In their new book, Smart (Enough) Systems,[1] Neil Raden and James Taylor offer a different point of view. They argue that legacy systems haven't been poorly engineered, they've been over-engineered. To say the least, that's counter-intuitive. But I think it's probably right. What happens when you over-engineer something? The solution you produce is usually too stiff or rigid or cumbersome for the real-world problem. Think tree that doesn't bend with the wind.
That's exactly the problem with legacy systems. The speed of business itself is accelerating rapidly, but the architecture of traditional systems is rigid and static. Raden and Taylor describe the situation (p. 113) as follows.
Part of the problem comes from a mind-set that systems, like other enterprise assets, should be built to last. This focus results in detailed but largely static requirements and huge investments in system architecture and design. However, it also buries critical code in complex systems. To make applications robust and complete, a huge amount of business expertise must be embedded in the system….
That's exactly where the problem lies -- the embedding of business expertise (read business rules) within the system itself. Building that way is actually quite hard. Indeed, traditional development methodologies require IT developers to have a high level of expertise both in the business and in how to implement functional requirements under the given platform(s) or language(s) most effectively. That's a lot to ask. Even if you get the business rules right (doubtful in itself), the rules are now hard-coded in the application logic where they are hard to find, hard to understand, and even harder to change.
And that's just it -- the business rules will change. So you will be revisiting the code.
There's a certain mindset in traditional IT departments that revisiting code with any frequency means the code must be fundamentally flawed. But with respect to business rules, that's way off-target. Raden and Taylor say (p. 113):
An important difference in automating decisions is that, unlike other aspects of information systems, decisions change continually. Most IT departments consider code that must be constantly revisited to be suspect or "broken" in some way. Decisions, however, aren't static. The best way to make a decision should be expected to change. Organizations learn, new data is collected, and regulations change, and all these events change how you should make a decision.

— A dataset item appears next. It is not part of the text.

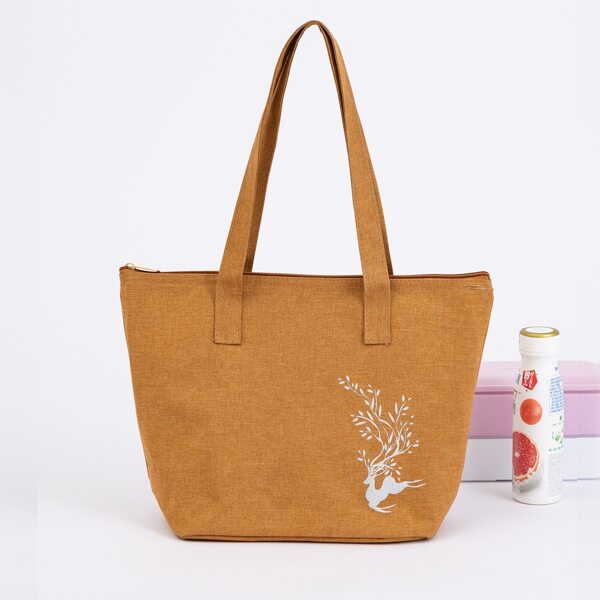 

1pc Elk Print Lunch Box Insulation Bag, Yellow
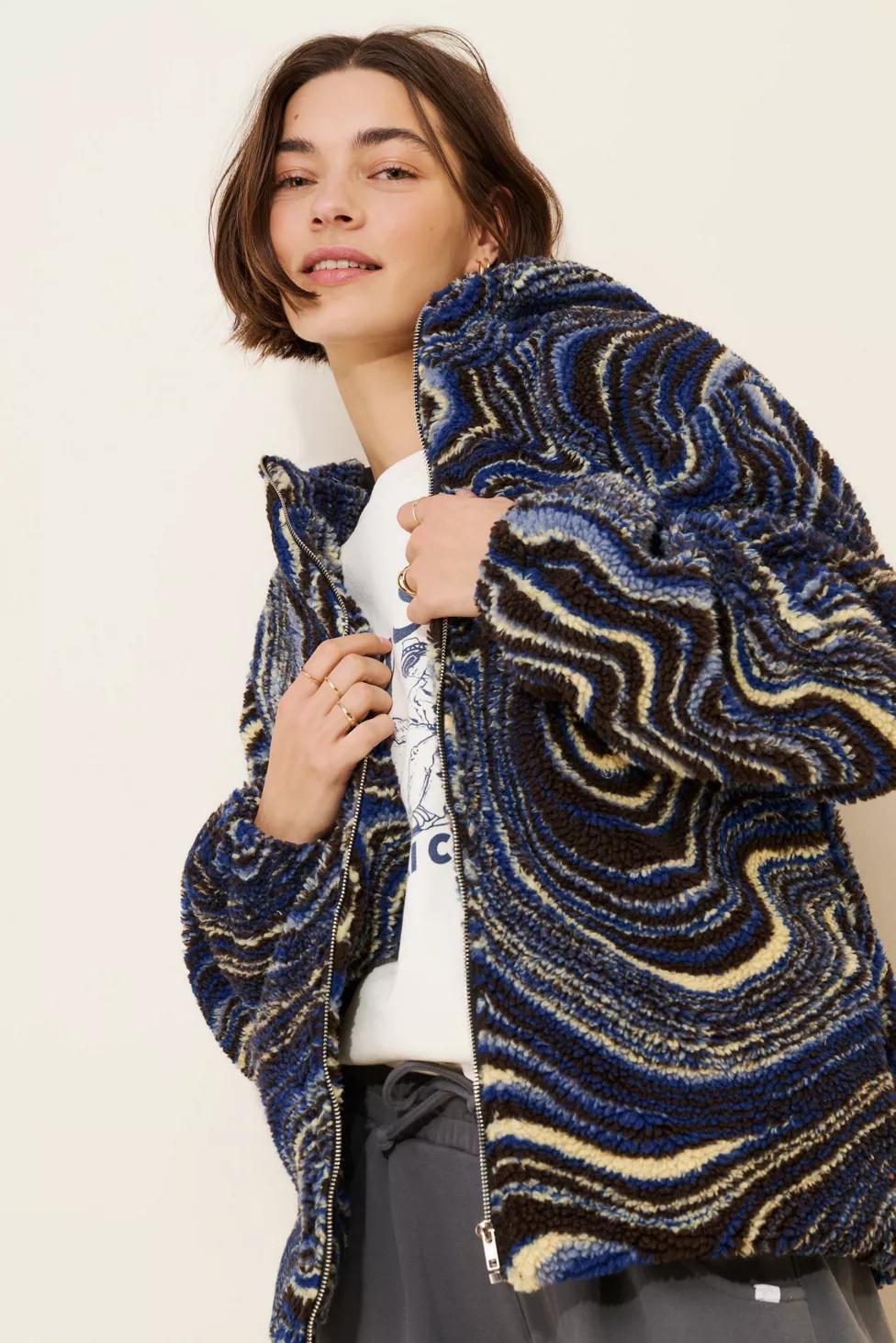 Daisy Street Borg Marble Fleece Jacket by DAISY STREET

The obvious solution is a separation of concerns. Quite simply, the business rules should be engineered separately from the functional requirements. Can you really do that cleanly and effectively? Hello!! That's already been proven using off-the-shelf rule engines over the last decade. If you are coming to the Business Rules Forum Conferences this month, you'll hear from some 50 companies about how they did exactly that.
Over-engineering resulting in rigidity is not a good thing. It results in buildings that tumble in earthquakes and bridges that collapse in windstorms. In IT terms, it produces a world where some 75% or more of all IT resources go toward system 'maintenance'. It's time to move on to the next engineering paradigm. Raden and Taylor call it Enterprise Decision Management (EDM), the way to build systems smarter.References
[1] Neil Raden and James Taylor, Smart (Enough) Systems: How to Deliver Competitive Advantage by Automating Hidden Decisions, Prentice-Hall (June 2007), ISBN: 0132347962.